Ce qui frappe chez
Bachelard est son syncrétisme philosophique si rééquilibrant. Mais attention à ne pas s'y méprendre : il ne s'agit pas d'un simple bricolage, une doctrine d'influence a toujours une supériorité sur une autre. Pour
Bachelard ni l'empirisme, ni l'idéalisme, ni le positivisme, ni le réalisme naïf ne peuvent décrire la logique de la science moderne. Il développe donc sa doctrine du rationalisme appliqué. Il faut insister sur ce dernier terme car
le rationalisme appliqué n'est pas un rationalisme du fondement vide, c'est un rationalisme du retravail scientifique, polémique et permanent des règles de la raison, un rationalisme de la solidité.
le rationalisme appliqué est perpétuel recommencent. C'est dire que
Bachelard s'oppose à l'existentialisme français de son temps. La séparation nette entre la connaissance vulgaire et la connaissance scientifique est entamée. La phénoménologie existentialiste ne peut pas, en vertu de cette séparation, atteindre le sens de la recherche scientifique : car celle-ci n'est pas dérangée par le problème de l'expérience commune et du soi-disant "premier irrationnel", elle travaille en permanence ses bases rationnelles. La nouménologie est possible par une telle recherche rationnelle.

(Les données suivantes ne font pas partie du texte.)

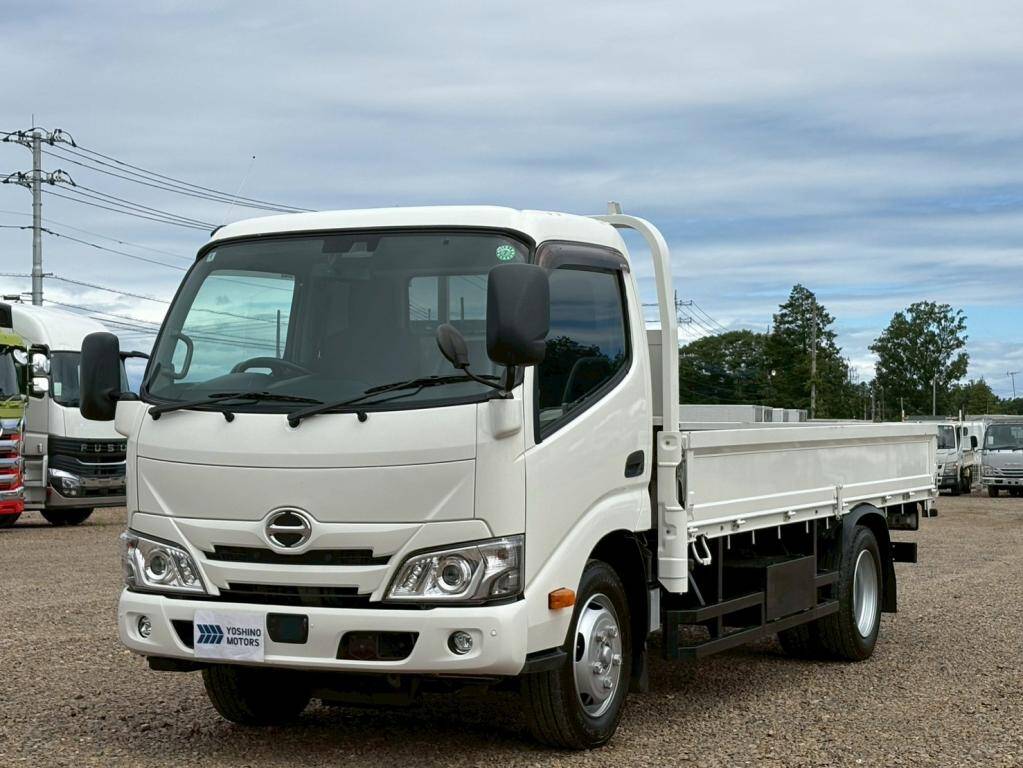 HINO Dutro Flat Body 2RG-XZU655M 2019 104,000km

Bachelard parle ici de dialectique. Mais il faut dire que
Bachelard ne se prétend pas idéaliste malgré son habituelle critique du réalisme : certes conceptualiste, il considère que l'idéalisme est piégé par son solipsisme et le principe d'identité vide. Ce n'est pourtant pas si simple, à moins de limiter l'idéalisme à une certaine époque. Mais on sent que le sens est là. Il n'est pas tendre avec les philosophes peu au fait de la science moderne : il a assez raison.